Why Erlang is the best concurrent language available
Joe Armstrong
joe@REDACTED
Thu Jan 23 22:05:38 CET 2003
On Thu, 23 Jan 2003, James Hague wrote:
> Joe Armstrong wrote:
> >My philosophy is "write as *beautiful* code as
> >possible" - if it's too slow buy a faster machine.
>
> When I first saw you write this a few years ago, I laughed and disagreed,
> but now I'm a convert. "Beautiful" doesn't mean "dumb," but it does mean
> "clean and understandable," so there's a good chance that the beautiful code
> may end up being speedy anyway, because it's so easy to fiddle with. A
> project falls apart when the code gets so tangled and confusing that you're
> afraid to touch it, and, wow, is that an easy line to cross C or C++.

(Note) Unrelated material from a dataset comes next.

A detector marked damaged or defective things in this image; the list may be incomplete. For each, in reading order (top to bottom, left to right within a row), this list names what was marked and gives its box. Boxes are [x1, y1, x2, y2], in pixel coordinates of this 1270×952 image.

I never said "write dumb code" - to me beautiful code is clear,
concise and does *exactly* what it is supposed to and *nothing* else
with a minuimum of fuss. It usually ends up being faster than ugly
code - that's because God likes your code if it's beautiful.

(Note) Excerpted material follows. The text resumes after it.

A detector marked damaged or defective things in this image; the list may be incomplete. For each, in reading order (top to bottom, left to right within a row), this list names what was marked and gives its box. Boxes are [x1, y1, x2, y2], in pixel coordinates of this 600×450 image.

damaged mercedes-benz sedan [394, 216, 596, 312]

Think of code as an exercise in applied poetry - rather like Haiku
only more difficult - now writing Haiku Erlang functions *that* would
be difficult
>
> Aside #1: I am *stunned* at how quick the Erlang compiler is, especially
> considering just how much stuff is going on under the hood, and how much the
> code leans on higher order functions. If someone tried to write the
> compiler in C, I doubt they could improve its performance (and I also doubt
> it would ever get finished!)
Oh dear and there I was *appauled* at how slow it was :-)
>
> Aside #2: I do think all the effort put into speeding up the Erlang emulator
> and runtime system has been well spent, though, as it makes my 333MHz P2 at
> home seem speedy :)
>
It's not bad actually - hat's off to Bjorn and co.